"And so," said Captain Whidden, when we had explained our errand, "I am to have this young man aboard my ship."

"If you will, sir," I cried eagerly, yet anxiously, too, for he did not seem nearly so well pleased as I had expected.

"Yes, Ben, you may come with us to Canton; but as your father says, you must fill your own boots and stand on your own two feet. And will you, friend Lathrop,"—he turned to my father,—"hazard a venture on the voyage?"

My father smiled. "I think, Joe," he said, "that I've placed a considerable venture in your hands already."

Captain Whidden nodded. "So you have, so you have.
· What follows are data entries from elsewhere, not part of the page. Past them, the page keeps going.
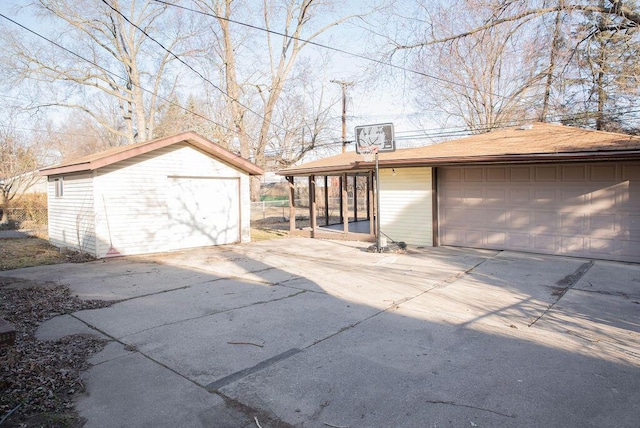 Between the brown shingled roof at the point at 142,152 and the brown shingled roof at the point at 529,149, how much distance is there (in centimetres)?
292

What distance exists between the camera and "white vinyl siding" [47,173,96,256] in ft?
35.4

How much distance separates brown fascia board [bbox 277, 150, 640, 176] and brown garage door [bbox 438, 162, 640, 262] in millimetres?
662

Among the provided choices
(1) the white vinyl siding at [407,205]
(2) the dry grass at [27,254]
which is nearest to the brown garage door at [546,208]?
(1) the white vinyl siding at [407,205]

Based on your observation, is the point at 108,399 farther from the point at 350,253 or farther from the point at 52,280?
the point at 350,253

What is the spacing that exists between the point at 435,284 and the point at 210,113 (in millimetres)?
26889

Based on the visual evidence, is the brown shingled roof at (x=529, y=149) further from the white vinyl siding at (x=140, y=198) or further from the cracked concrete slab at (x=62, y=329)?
the cracked concrete slab at (x=62, y=329)

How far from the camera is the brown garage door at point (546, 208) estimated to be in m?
9.38

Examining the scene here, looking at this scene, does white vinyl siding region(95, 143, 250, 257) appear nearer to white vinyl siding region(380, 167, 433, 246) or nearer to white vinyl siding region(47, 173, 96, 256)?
white vinyl siding region(47, 173, 96, 256)

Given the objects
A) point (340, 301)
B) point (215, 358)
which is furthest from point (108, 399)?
point (340, 301)

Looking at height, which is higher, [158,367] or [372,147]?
[372,147]

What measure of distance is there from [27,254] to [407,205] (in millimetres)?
10929

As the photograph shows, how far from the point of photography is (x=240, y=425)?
3066mm

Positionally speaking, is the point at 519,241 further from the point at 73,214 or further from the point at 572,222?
the point at 73,214

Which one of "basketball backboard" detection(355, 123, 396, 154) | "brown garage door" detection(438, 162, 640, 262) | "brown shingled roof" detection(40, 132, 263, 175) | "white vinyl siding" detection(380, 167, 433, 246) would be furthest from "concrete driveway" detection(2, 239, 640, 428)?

I'll watch it as best I can, too, though of course I'll see little of the boy. Let him go now. I'll talk with you a while if I may."

My father glanced at me, and I got up.

Captain Whidden rose, too. "Come down in the morning," he said. "You can sign with us at the Websters' counting-house.—And good-bye, Ben," he added, extending his hand.

"Good-bye? You don't mean—that I'm not to go with you?"

He smiled. "It'll be a long time, Ben, before you and I meet again on quite such terms as these."

Then I saw what he meant, and shook his hand and walked away without looking back. Nor did I ever learn what he and my father talked about after I left them there together.